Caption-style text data
§ §

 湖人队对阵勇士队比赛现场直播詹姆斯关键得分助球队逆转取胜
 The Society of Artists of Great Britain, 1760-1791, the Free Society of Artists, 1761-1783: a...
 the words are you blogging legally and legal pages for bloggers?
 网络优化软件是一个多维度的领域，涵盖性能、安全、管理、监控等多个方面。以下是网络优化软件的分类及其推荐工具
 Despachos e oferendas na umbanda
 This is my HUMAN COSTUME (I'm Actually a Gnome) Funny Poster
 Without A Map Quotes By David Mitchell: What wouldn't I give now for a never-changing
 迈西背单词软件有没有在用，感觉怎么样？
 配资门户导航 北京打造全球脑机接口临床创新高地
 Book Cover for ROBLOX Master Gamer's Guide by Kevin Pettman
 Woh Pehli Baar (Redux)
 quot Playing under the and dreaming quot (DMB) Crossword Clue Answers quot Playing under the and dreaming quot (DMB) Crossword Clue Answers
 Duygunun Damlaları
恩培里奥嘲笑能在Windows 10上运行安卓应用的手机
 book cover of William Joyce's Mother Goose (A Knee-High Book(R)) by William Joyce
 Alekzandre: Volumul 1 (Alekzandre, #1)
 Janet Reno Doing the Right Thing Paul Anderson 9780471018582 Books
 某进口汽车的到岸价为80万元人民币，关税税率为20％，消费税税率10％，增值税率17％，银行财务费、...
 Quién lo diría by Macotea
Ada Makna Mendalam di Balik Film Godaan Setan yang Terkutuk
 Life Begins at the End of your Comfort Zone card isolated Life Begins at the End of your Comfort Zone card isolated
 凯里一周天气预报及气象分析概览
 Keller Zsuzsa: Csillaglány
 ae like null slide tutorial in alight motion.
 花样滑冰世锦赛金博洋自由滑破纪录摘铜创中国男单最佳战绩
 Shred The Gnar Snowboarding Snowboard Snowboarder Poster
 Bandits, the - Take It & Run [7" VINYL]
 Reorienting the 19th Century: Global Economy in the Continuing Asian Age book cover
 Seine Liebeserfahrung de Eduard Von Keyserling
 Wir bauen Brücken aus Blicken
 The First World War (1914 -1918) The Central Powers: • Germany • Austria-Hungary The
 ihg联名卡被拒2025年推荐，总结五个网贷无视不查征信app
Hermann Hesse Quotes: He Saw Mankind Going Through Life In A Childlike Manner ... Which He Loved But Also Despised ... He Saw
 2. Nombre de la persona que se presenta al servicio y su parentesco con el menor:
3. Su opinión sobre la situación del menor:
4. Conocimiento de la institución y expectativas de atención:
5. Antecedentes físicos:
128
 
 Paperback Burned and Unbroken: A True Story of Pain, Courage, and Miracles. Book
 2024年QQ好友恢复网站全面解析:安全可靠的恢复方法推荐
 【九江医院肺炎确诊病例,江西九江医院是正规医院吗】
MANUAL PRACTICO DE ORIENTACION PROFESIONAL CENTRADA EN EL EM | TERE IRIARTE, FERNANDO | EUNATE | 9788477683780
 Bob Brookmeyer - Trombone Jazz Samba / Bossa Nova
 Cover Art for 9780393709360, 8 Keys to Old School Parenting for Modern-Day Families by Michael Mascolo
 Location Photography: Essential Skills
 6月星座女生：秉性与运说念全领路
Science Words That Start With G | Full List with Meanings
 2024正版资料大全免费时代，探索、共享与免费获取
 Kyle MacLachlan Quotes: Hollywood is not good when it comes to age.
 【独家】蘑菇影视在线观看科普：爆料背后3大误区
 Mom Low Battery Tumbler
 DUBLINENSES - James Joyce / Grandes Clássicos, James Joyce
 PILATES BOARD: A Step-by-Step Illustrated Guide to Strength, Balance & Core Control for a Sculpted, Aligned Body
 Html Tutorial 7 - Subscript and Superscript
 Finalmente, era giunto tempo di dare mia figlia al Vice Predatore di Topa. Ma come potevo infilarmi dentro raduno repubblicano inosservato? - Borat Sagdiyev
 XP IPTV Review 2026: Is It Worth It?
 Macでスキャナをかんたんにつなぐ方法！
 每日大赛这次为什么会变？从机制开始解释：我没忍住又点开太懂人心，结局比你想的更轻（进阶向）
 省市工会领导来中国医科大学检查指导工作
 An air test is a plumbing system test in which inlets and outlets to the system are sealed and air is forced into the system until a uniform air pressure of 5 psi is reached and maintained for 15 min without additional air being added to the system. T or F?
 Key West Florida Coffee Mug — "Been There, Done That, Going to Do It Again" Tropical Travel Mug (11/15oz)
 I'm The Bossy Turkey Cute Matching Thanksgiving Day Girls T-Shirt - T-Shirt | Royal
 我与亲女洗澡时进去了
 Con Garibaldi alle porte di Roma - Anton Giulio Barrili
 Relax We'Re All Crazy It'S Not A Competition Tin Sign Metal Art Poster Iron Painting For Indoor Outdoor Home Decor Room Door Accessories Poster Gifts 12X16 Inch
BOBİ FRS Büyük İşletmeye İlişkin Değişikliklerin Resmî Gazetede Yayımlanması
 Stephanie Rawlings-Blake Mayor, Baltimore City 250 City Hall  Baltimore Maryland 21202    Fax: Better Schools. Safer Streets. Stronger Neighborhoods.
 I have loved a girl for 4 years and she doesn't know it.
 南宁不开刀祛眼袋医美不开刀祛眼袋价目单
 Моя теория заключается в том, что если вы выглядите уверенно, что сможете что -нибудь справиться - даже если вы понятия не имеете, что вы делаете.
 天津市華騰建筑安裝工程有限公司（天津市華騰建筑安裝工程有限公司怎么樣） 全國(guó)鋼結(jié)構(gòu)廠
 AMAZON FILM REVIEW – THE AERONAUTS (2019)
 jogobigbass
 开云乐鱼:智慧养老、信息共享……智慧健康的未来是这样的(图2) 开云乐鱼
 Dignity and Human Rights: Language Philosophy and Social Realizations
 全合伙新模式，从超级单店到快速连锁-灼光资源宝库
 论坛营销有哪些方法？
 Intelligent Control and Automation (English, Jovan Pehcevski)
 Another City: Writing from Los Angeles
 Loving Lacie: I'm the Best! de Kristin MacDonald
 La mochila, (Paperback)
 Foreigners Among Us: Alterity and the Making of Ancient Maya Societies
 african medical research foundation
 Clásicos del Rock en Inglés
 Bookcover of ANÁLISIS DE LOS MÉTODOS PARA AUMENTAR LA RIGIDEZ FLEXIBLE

§ §

● WORK REQUIRED
Working from the records above, write out verbatim only the lines from the line containing "Woh Pehli Baar (Redux)" through the line containing "Quién lo diría by Macotea".

● OUTPUT BELOW
 Woh Pehli Baar (Redux)
 quot Playing under the and dreaming quot (DMB) Crossword Clue Answers quot Playing under the and dreaming quot (DMB) Crossword Clue Answers
 Duygunun Damlaları
恩培里奥嘲笑能在Windows 10上运行安卓应用的手机
 book cover of William Joyce's Mother Goose (A Knee-High Book(R)) by William Joyce
 Alekzandre: Volumul 1 (Alekzandre, #1)
 Janet Reno Doing the Right Thing Paul Anderson 9780471018582 Books
 某进口汽车的到岸价为80万元人民币，关税税率为20％，消费税税率10％，增值税率17％，银行财务费、...
 Quién lo diría by Macotea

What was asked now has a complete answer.